Caramon hielt den Atem an, sein Gesicht wurde düster.
»Er... er ist ein wirklich mächtiger Zauberer«, gab Tolpan zu bedenken, »und, nun ja, du hast aus der Tatsache kein Geheimnis gemacht, daß du zurück in die Vergangenheit reisen und ihn um die Ecke bringen willst, sozusagen. Ich meine, du hast das im Turm der Erzmagier gesagt. Und wir wissen, daß Fistandantilus im Turm herumhängen kann. Dort hat er auch Raistlin getroffen, nicht wahr? Was ist, wenn er da herumgestanden und dich gehört hat? Ich vermute, er ist ganz schön sauer.«
»Pah! Wenn er so mächtig ist, dann hätte er mich auf der Stelle umbringen können!« knurrte Caramon.
»Nein, das kann er nicht«, erwiderte Tolpan bestimmt. »Sieh mal, ich habe alles kapiert. Er kann nicht den Bruder seines Schülers umbringen. Insbesondere, wenn dich Raistlin aus einem Grund hier haben will. Außerdem weiß Fistandantilus bestimmt, daß Raistlin dich wohl liebt, ganz tief in seinem Inneren.«
Caramon erblaßte, und Tolpan hatte das Gefühl, sich auf die Zunge gebissen zu haben. »Egal«, fuhr er eilig fort, »er kann dich nicht offen loswerden. Er muß es unauffällig erledigen, damit es gut aussieht.«
»Also?«
»Also...« Tolpan holte tief Atem. »Nun, in dieser Gegend werden keine Leute mehr hingerichtet, aber offenbar haben sie andere Methoden, um mit jenen fertig zu werden, die man nicht herumhängen haben will. Dieser Kleriker und der Gefängniswärter haben beide gesagt, Hinrichtungen seien ein ›leichter‹ Tod verglichen mit dem, was sie jetzt vorhaben.«
Ein Peitschenhieb über Caramons Rücken beendete die Unterhaltung. Caramon warf dem Sklaven, der ihn geschlagen hatte, einen wütenden Blick zu – es war ein Bursche, der seine Arbeit offensichtlich genoß – und versank in ein düsteres Schweigen. Er dachte darüber nach, was Tolpan ihm gesagt hatte. Es ergab sicherlich einen Sinn. Er hatte gesehen, wieviel Kraft und Konzentration es Par-Salian gekostet hatte, diesen schwierigen Zauber durchzuführen.
Caramon erkannte plötzlich alles ganz klar. Tolpan hatte recht! Wir wurden in eine Falle gelockt. Fistandantilus will mich irgendwie loswerden und Raistlin meinen Tod als Unfall erklären.

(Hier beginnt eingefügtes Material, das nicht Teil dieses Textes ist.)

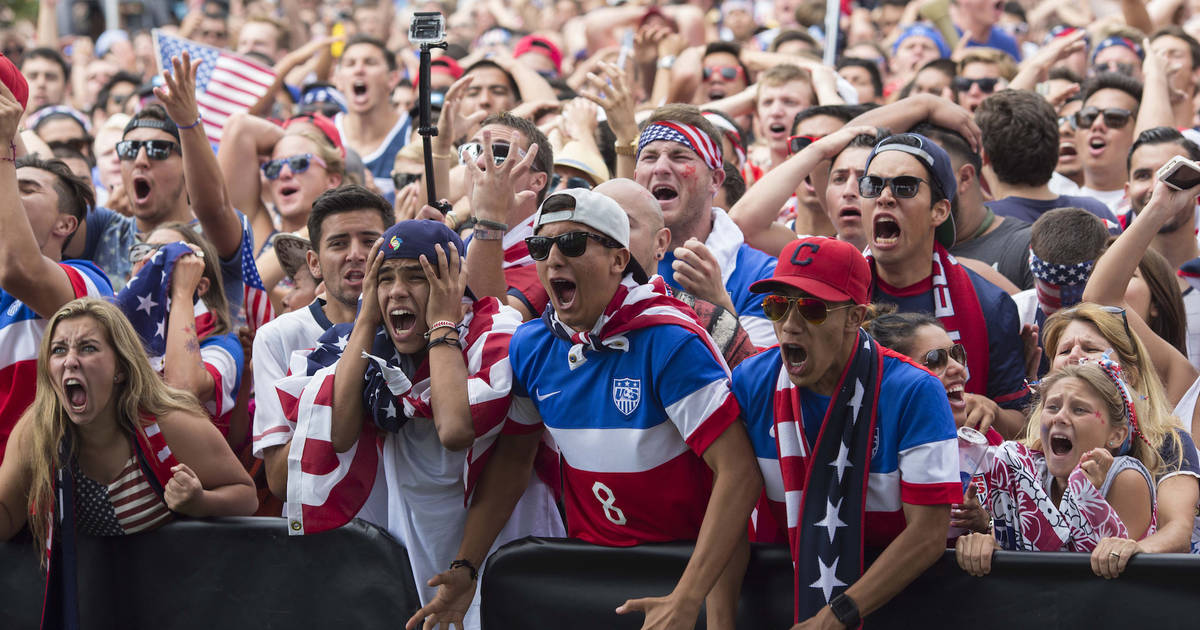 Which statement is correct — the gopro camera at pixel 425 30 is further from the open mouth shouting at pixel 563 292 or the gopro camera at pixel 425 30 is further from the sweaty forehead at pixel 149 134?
the sweaty forehead at pixel 149 134

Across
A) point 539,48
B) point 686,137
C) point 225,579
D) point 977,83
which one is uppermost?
point 539,48

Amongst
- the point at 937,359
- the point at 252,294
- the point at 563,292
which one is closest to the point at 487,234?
the point at 563,292

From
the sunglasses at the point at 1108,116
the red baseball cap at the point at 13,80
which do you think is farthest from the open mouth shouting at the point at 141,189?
the sunglasses at the point at 1108,116

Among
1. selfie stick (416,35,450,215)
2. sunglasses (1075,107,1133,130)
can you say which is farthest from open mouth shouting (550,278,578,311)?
sunglasses (1075,107,1133,130)

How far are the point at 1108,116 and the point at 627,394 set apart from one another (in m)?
4.31

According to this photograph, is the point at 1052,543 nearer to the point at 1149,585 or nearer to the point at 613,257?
the point at 1149,585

Irgendwo in einer Ecke seines Gehirns hörte Caramon eine mürrische alte Zwergenstimme sagen: »Ich weiß nicht, wer der größere Idiot ist – du oder dieser Türknopf von Kender! Wenn das einer von euch mal in eurem Leben herausfinden wird, würde mich das überraschen!« Caramon lächelte traurig über den Gedanken an seinen alten Freund. Aber Flint war nicht hier, und auch nicht Tanis oder sonst jemand, der ihm einen Ratschlag hätte geben können. Er und Tolpan waren auf sich selbst gestellt, und wenn der Kender nicht diesen Sprung in den Zauberkreis gewagt hätte, wäre er ganz allein hier in der Vergangenheit. Dieser Gedanke erschreckte ihn. Caramon erbebte. »Das alles bedeutet nur, daß ich diesen Fistandantilus erwischen muß, bevor er mich erwischt«, sagte er leise zu sich.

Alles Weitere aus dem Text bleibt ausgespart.